The East is Greening
Martin Empson argues (Focus on China: The East is Green? Socialist Review Feb 2018) that China’s “economic model” is based on massive state investment, low pay, manufacture for export and promotion of domestic consumerism. This does not recognise that state driven investment is its determining feature.
Donald Trump has complained that China’s state directed investment gives it an “unfair advantage” in economic development over the United States. Which begs the question why the United States is so loathe to use similar methods if the effect is so positive. Answering that question leads to clear implications about which class those states exist to serve. It also means that China has more opportunity than most to direct the scale of investment need to make a transition to a sustainable economy; and the evidence shows that it is taking that opportunity.
The other items in the list are posed as timeless. In fact wages are rising, and there has been a shift from export focused production to internal development: which has been complemented by a shift up in the value chain, with increasingly sophisticated and high quality goods being produced; some of them world leading.
Quantifying China’s development gives us some startling figures.
Between 1990 and 2018, life expectancy went up significantly faster than in the USA. From 69 to 75 years in China; from 76 to 78 years in the US.

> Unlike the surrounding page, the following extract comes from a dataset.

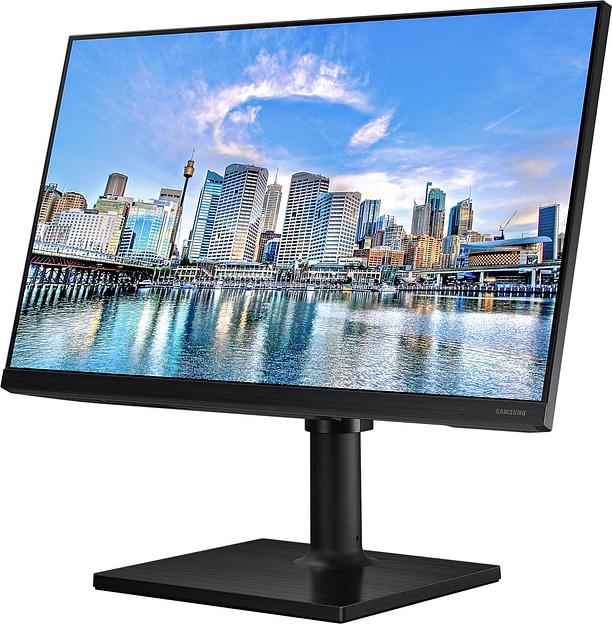 Монитор Samsung 24" F24T450FZU черный IPS LED 5ms 16:9 HDMI матовая HAS Pivot 1000:1 250cd 178гр/178гр 1920x1080 DisplayPort Ultra HD 2K (1440p) USB 4.1кг фото 7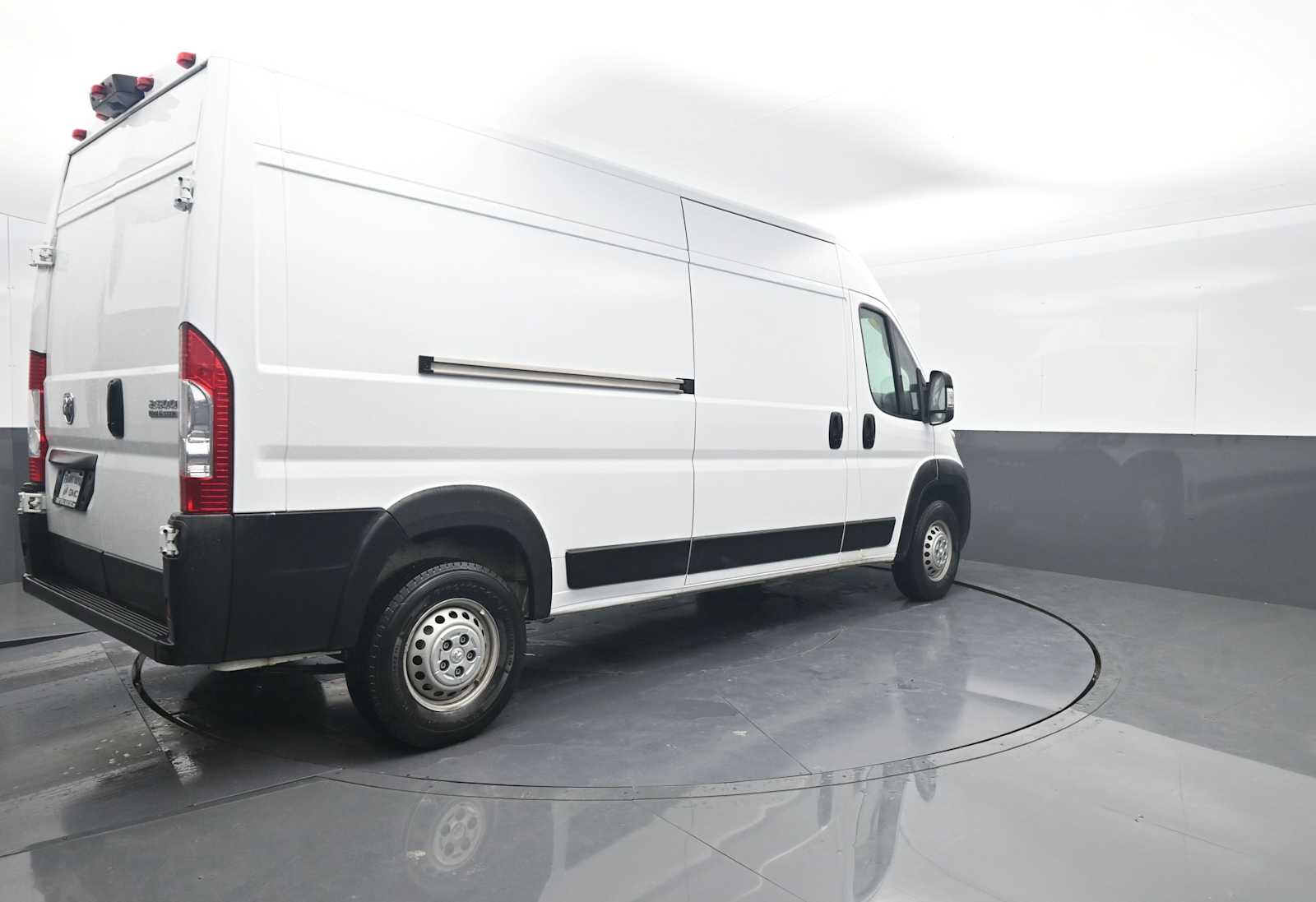 2025 Ram ProMaster 2500 Cargo Van Tradesman High Roof 159" WB w/Pass Seat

Average per capita income grew dramatically; from $990 per person per year in 1990 to $16 760 a year in 2018; catching up with and overtaking Brazil; and accelerating well beyond India: which started out slightly wealthier at $1 120 per person per year in 1990, but grew at less than half China’s rate to $7 060 by 2017 .
Clearly, the “low pay” is no longer so low – and – if China is considered a socialist state – this can be considered a purpose of the economic development. But, even if you think that China is a variant of capitalism, it is clearly a very positive development for most people in China.
750 million people taken out of extreme poverty in one generation is a staggering and positive achievement. That is more than twice the population of the United States and half as many again as the whole population of the EU. China accounts for three out of four people lifted out of poverty across the world in the last generation, according to the World Bank. This is a good thing, and the left and environmental movement should be unambiguous about that. People in China largely are; which is why the CCP has positive support. Another way to envisage this is that at foundation of the `People’s Republic in 1949, the average living standard in China was comparable to that in England in Tudor times; today it leapt up to close to that in contemporary Poland.
Martin’s argument that this rapid development and improvement in living standards is driven by a “consumerist fantasy” that is “driving environmental disaster” – and that “stopping the wheels of China’s fossil fuelled industry” is a task of the left and environment movement – which implies degrowth without being explicit about it and poses “challenges to its (China’s) economic model”, without specifying what that challenge would consist of, nor what changes would be made.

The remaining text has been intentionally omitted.